- _EXERCISE DESCRIPTION_: Although the data below holds other lines too, output only those from the line with "Multiplicidade de influência" up to and including the line with "Load image into", exactly as they appear.

Records from a data collection:

________________________________________

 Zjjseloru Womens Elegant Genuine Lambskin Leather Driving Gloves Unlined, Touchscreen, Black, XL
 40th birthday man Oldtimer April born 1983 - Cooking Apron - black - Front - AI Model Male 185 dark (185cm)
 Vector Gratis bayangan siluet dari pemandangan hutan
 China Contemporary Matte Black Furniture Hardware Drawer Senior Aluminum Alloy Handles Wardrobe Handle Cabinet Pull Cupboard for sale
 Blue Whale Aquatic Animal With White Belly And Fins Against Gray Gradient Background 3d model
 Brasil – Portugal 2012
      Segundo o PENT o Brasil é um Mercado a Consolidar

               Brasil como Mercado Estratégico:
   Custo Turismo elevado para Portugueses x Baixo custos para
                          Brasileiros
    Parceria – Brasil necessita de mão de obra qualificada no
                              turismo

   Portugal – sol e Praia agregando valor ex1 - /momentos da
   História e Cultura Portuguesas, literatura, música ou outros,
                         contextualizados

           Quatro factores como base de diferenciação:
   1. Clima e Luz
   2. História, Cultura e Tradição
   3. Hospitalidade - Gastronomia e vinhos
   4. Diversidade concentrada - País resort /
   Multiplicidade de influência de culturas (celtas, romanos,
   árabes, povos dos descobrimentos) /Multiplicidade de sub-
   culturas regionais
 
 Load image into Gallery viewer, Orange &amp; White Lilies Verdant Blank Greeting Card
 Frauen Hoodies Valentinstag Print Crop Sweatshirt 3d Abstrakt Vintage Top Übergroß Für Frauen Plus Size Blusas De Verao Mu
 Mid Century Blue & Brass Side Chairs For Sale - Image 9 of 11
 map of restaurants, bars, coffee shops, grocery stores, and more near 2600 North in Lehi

________________________________________

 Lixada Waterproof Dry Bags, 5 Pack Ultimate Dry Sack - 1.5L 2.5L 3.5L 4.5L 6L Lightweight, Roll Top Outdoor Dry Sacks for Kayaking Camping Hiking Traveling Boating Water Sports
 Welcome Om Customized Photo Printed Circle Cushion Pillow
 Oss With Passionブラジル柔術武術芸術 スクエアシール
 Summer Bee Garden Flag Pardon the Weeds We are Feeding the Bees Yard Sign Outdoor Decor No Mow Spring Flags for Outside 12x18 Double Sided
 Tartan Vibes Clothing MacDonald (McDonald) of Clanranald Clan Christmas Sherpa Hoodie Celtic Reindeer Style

________________________________________

- _SOLUTION TO THIS PROBLEM_:
   Multiplicidade de influência de culturas (celtas, romanos,
   árabes, povos dos descobrimentos) /Multiplicidade de sub-
   culturas regionais
 
 Load image into Gallery viewer, Orange &amp; White Lilies Verdant Blank Greeting Card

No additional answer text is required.